» EXERCISE DETAILS: Transcribe every entry word for word. Skip the pictures.

» DATA PROVIDED:
........

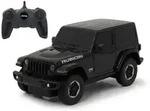 Jamara Jeep Wrangler JL 1:24 schwarz 27MHz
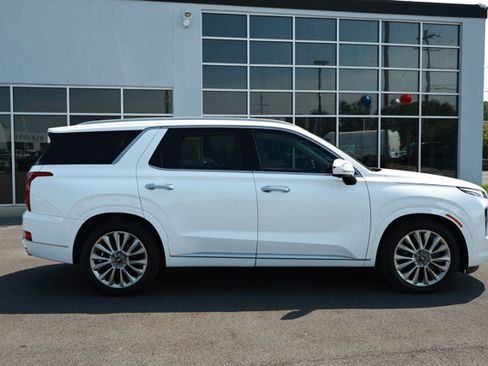 Used 2020 Hyundai Palisade Limited AWD/4WD image 4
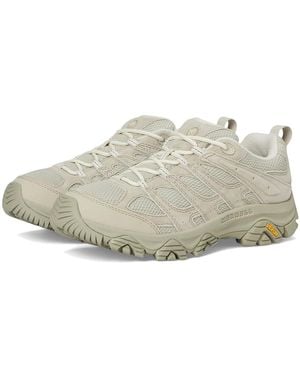 Merrell Moab 3 Ready Zip Shoes, Suede - Metallic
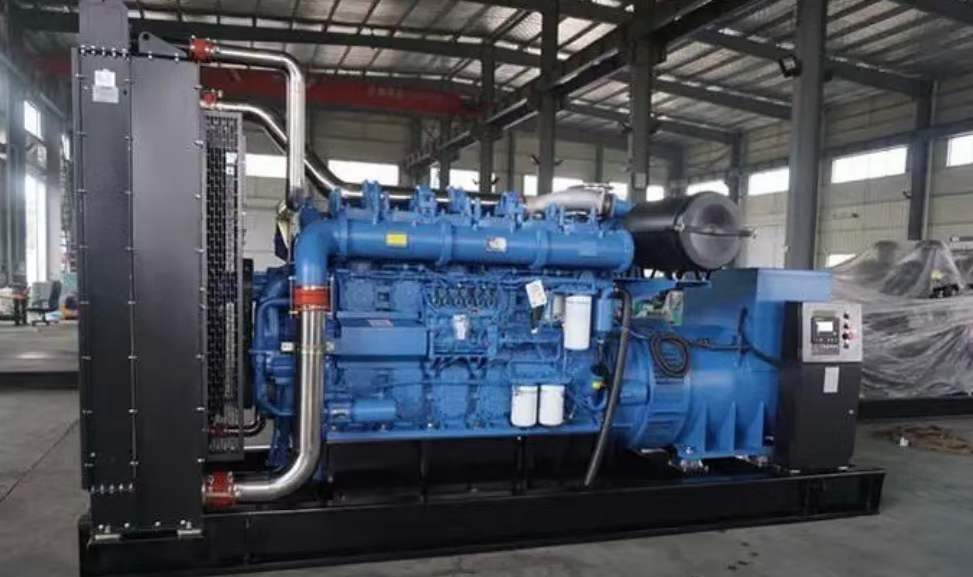 益阳800kW 柴油发电机的输出电流是恒定的吗?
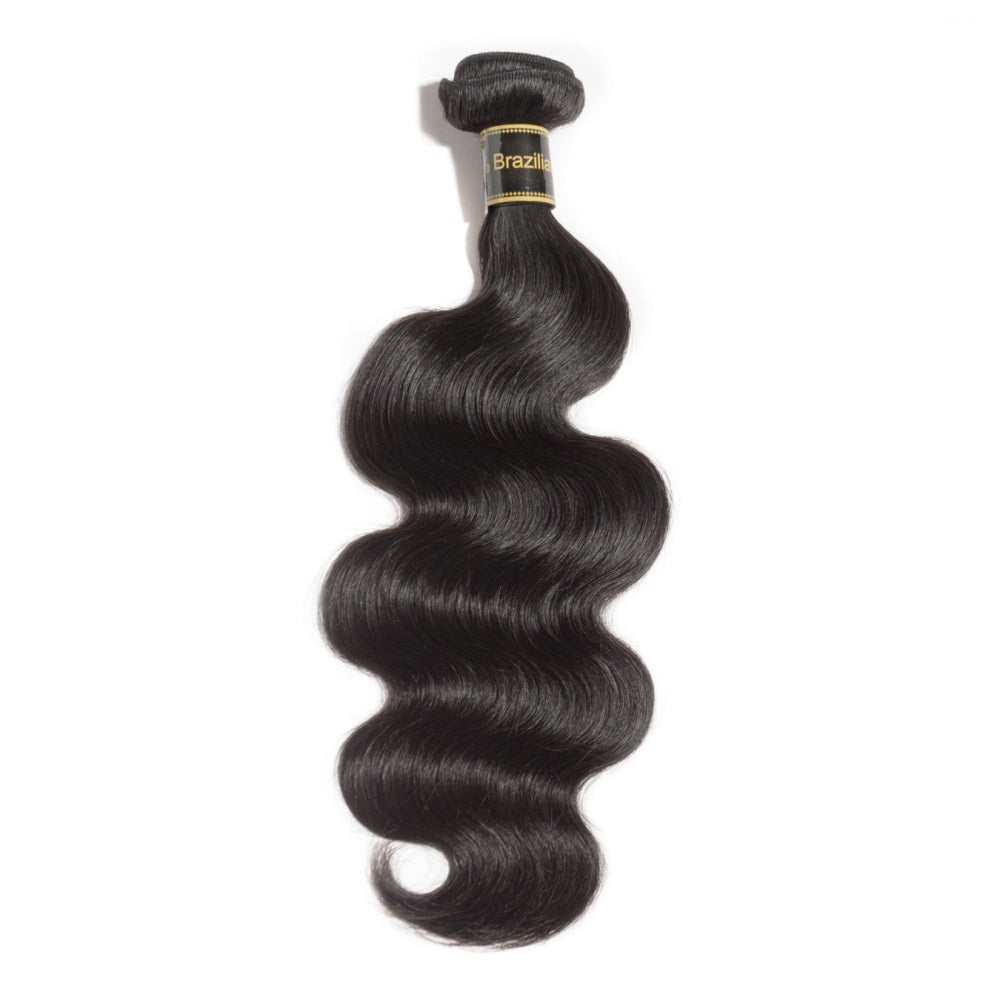 10A Luxury  Body Wavy Brazilian Hair Bundles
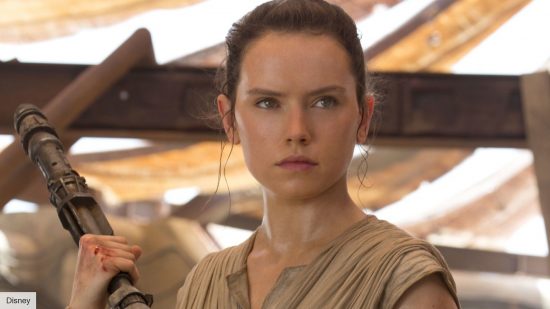 Rey was originally related to everyone's favourite Jedi in Star Wars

........

» TASK RESPONSE:
 Jamara Jeep Wrangler JL 1:24 schwarz 27MHz
 Used 2020 Hyundai Palisade Limited AWD/4WD image 4
 Merrell Moab 3 Ready Zip Shoes, Suede - Metallic
 益阳800kW 柴油发电机的输出电流是恒定的吗?
 10A Luxury  Body Wavy Brazilian Hair Bundles
 Rey was originally related to everyone's favourite Jedi in Star Wars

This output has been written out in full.